Констанс налила себе чашку чая из кипящего самовара, с изумлением отметив, что Элспет щедро разбавила свою сногсшибательной смесью рома и сидра.

— Только для здоровья — чтобы не замерзнуть, дорогая! — Элспет заговорщически подмигнула ей.

— Миссис Мак-Кин! — К Констанс протиснулась Мэгги, вся сияющая, раскрасневшаяся от возбуждения, таща за собой Типа. — Какой день, а! Гордитесь мистером Мак-Кином, да?

— Это счастливый день для всех нас. Сумела уговорить мистера Фицджеральда дать выходной? — спросила ее Констанс.

Мэгги рассмеялась:

— Да он и сам пришел, со своей семьей — все тринадцать, чертова дюжина!

Констанс непринужденно болтала с Элспет и Мэгги, а Тип сосредоточенно загружал тарелку салатами, кусками вареного мяса, пирожными и еще чем-то вкусным.

Мэгги неплохо устроилась у зеленщика, а в свободные дни прирабатывала у молодоженов, помогая Констанс справляться с разными домашними делами, которые все еще были тайной за семью печатями для молодой хозяйки. Ее жалобы по этому поводу немало развеселили всю компанию и, в конце концов, было принято решение, что время художницы — вещь слишком ценная, чтобы тратить его на мытье полов. Кстати, благодаря кухне в пансионе миссис Пибб и близлежащей прачечной, Лок и Констанс были избавлены от опасности умереть с голоду или зарости грязью, так что в холостяцком стиле жизни Лока мало что изменилось, кроме разве необходимости поддерживать за едой вежливый диалог с женщиной, которая была его женой.

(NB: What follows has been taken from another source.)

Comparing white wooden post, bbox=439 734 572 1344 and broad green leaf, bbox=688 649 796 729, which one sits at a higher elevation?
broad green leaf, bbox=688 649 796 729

Система была разумной, но она сводила Констанс с ума. Иногда ей так хотелось выкинуть какую-нибудь штучку — просто чтобы посмотреть, как отреагирует Лок, чтобы разрядить накапливавшееся между ними электричество. Пока ей как-то удавалось сдерживать это желание, но искры уже потрескивали как в атмосфере перед грозой, и она чувствовала, что так долго не выдержит. Что-то тогда будет? Ей было страшно и как-то приятно при этой мысли.

Вот и сейчас, когда, наконец, Лок появился в пределах видимости, она ощутила тот же самый легкий укол раздражения и обиды — как во время этих завтраков с ним наедине. Весь достоинство и сдержанность, а должен был бы лучиться радостью, что так хорошо все прошло. Вот он пробирается через толпу, как-то мрачновато отвечая на вопросы репортеров. Пожалуй, он никогда не был так красив в этом темном деловом костюме, загорелый, тщательно причесанный, но весь какой-то застегнутый на все пуговицы. Констанс это одновременно и печалило, и сердило.

— Вот он, парни! — заорал Тип, обращаясь к своим товарищам по верфи, собравшимся вокруг столов. Последовали дружные аплодисменты.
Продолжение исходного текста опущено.